3.4 The Effects of Income and Race on Outages
Here, our interest is in identifying the relationship between the median household income and the proportion of customers experiencing power outages at the ZCTA level. We specify two models: one controlling for the storm strength and one omitting control variables to assess whether the differential effects occur because communities of a given socio-economic status live in areas experiencing more intense weather from the hurricane (i.e., higher exposure).

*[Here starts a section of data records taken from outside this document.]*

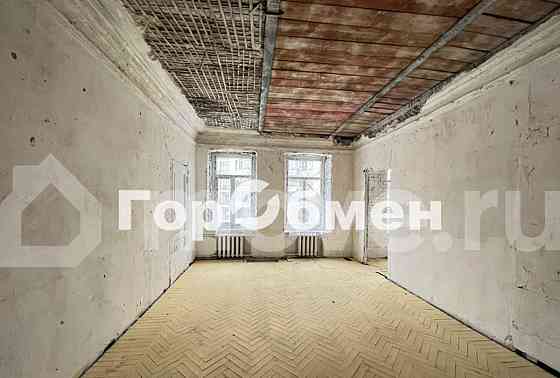 5-комн. квартира, 92.5 м2, 4/4 эт. Москва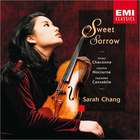 Sarah Chang - Sweet Sorrow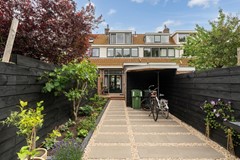 New for rent: Gerard Brandtstraat 20, 2332 AL Leiden
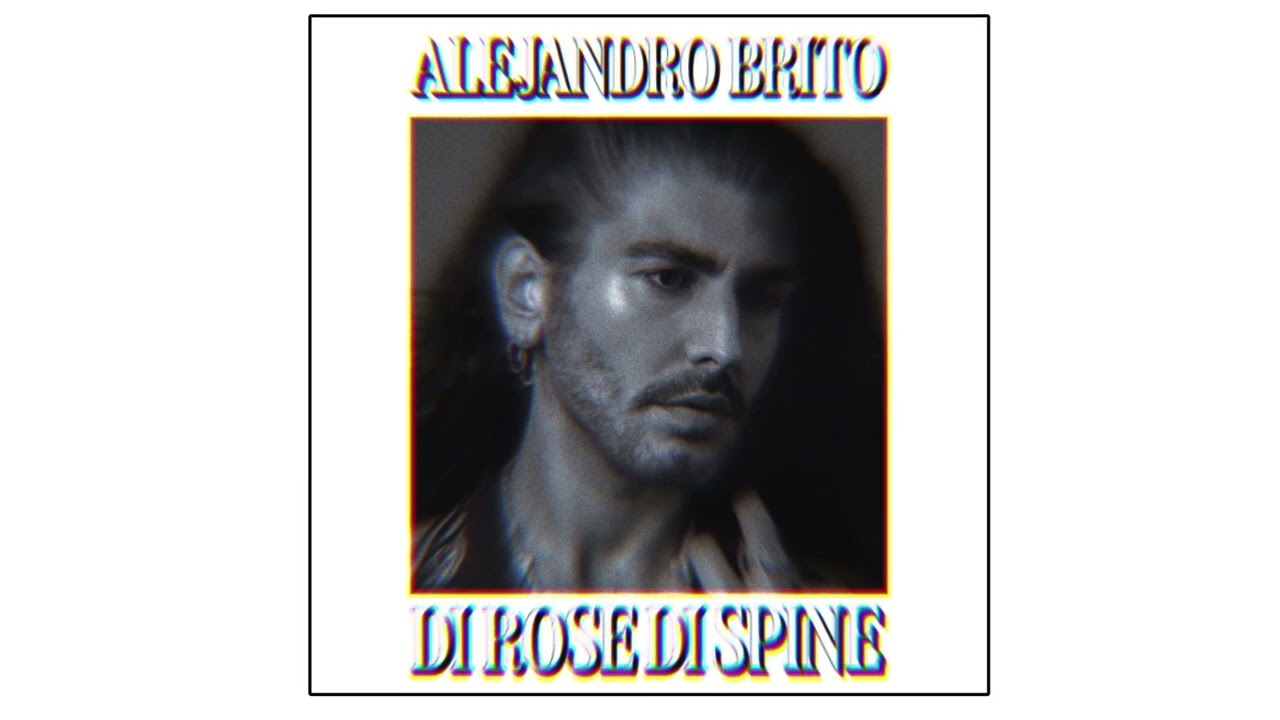 DI ROSE DI SPINE- Alejandro Brito (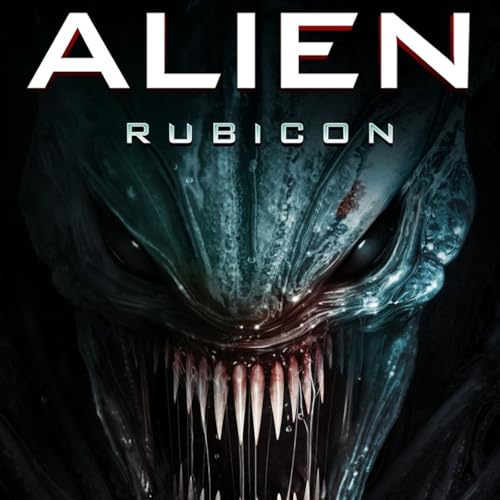 Episode 164: Alien Rubicon
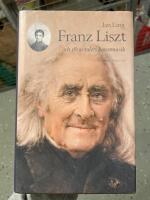 Franz Liszt och 1800-talets konstmusik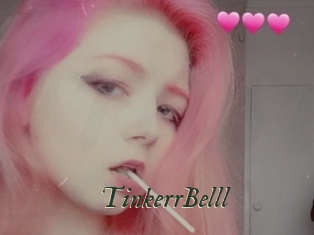 TinkerrBelll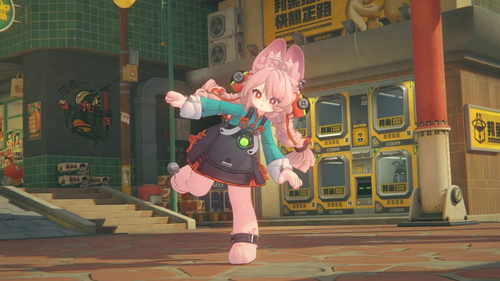 miHoYo (HoYoverse)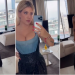 WANDA NARA MOSTRÓ SU NUEVO DEPARTAMENTO DE SOLTERA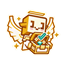 Aevum Vote Reward logo
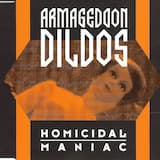 Homicidal Maniac (video mix)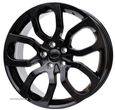 1687 B NOWE FELGI 18 5x108 LAND ROVER EVOQUE - 1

The data for maximum outages is a count measure, and as is often the case with count variables it is both right skewed and long-tailed, meaning that the conditional variance is greater than the conditional mean. We also have data for the number of total housing units and businesses within a given ZCTA. This serves as an approximation of the total number of electric customers within the unit of analysis. The actual number of customers is not publicly available, which is why we deploy a reasonable proxy. We calculate an estimated proportion of customers without power as the ratio of the maximum outages divided by the number of customers in the ZCTA. We omit observations with an estimated proportion of outages greater than 1 (N = 2), and believe may be due to certain customers experiencing multiple outages and/or error in the estimate of the number of customers. For observations in which the ratio is very close to, but above one (N = 60) we set the ratio to 1, representing 100% of customers experiencing outages.

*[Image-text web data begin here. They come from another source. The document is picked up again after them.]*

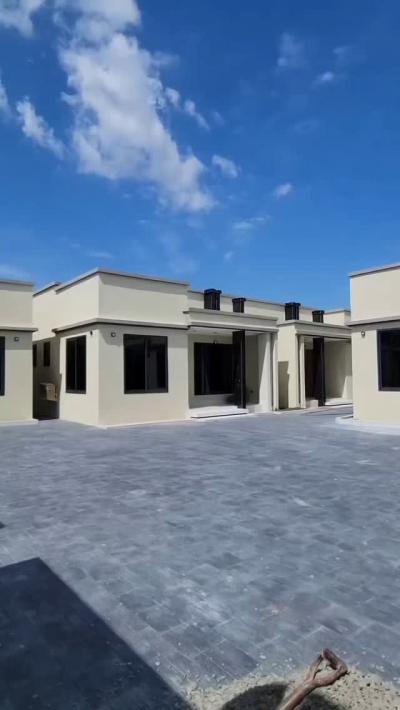 2 Bedrooms House/Apartment for Rent at Madale, Dar Es Salaam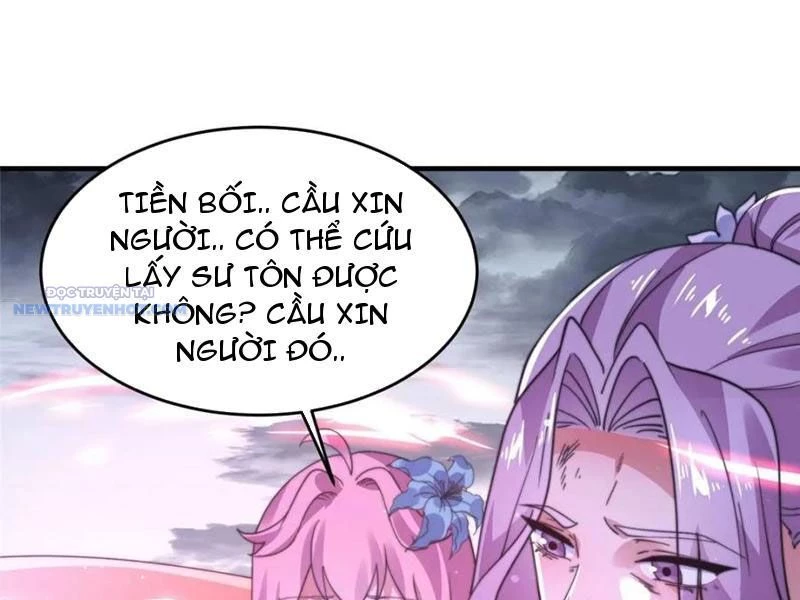 Nữ Đồ Đệ Ai Nấy Đều Muốn Giết Ta Chapter 207 - 29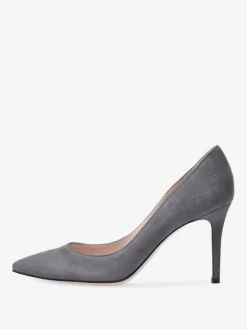 Women's High Heels Stiletto Heel Patent PU Upper Pumps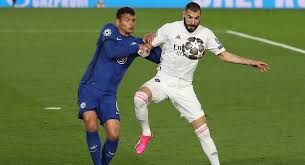 Pese a eso, el fútbol se reactivó en la mayor parte del planeta. El Plato Del Dia Real Madrid Vs Chelsea Deportes Blick News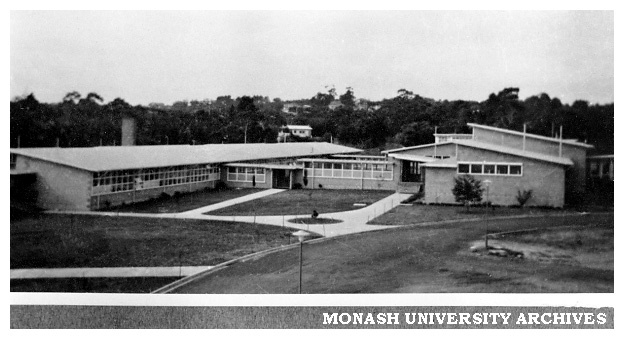 Frankston Teachers' College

We use a SDM spatial regression with an outcome variable as the proportion of customers without power in the ZCTA. In our first model (Model 1), we include median income as an independent variable. Model 2, in addition to median income, also includes a series of hazard variables reflecting Hurricane Isaac’s varying levels of force (Table S1). We expect that power outages will be significantly and positively related to the intensity of hurricane effects.

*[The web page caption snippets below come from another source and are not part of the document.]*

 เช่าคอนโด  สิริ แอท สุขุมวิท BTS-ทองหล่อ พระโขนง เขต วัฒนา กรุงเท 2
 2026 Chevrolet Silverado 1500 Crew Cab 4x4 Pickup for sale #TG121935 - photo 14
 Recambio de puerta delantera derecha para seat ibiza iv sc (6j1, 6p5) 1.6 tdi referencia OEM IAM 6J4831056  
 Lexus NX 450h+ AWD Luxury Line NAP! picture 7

3.5 Determinants of Recovery Time
Our aim in the second analysis is to examine the time to power restoration. For this, we use times to 50%, 80%, and 95% power restoration to compare differentials in basic levels of power restoration across ZCTAs. Recovery can be influenced by many factors including antecedent conditions, the extent of the damage to the system being recovered, obstacles to recovery such as flooding or debris, the point at which the recovery process can begin in a given spatial unit, and the extent to which a given unit is prioritized within the broader recovery operations (Cutter et al. 2008, 2014; Tierney 2014). We use a SDM spatial regression for each model where the dependent variable is time to 50%, 80%, or 95% recovery. We again build our model specifications to reflect our research questions. We start by using median income in the ZCTA along with our total number of outages and then progress to introducing storm-related measures. As discussed earlier, utilities have formal policies in place for determining high-priority areas for power restoration. Finally, we include the number of emergency service and health service locations to capture the effects of faster restoration due to the presence of high-priority infrastructure. The literature indicates that emergency services like fire stations and hospitals may be prioritized (Table S2).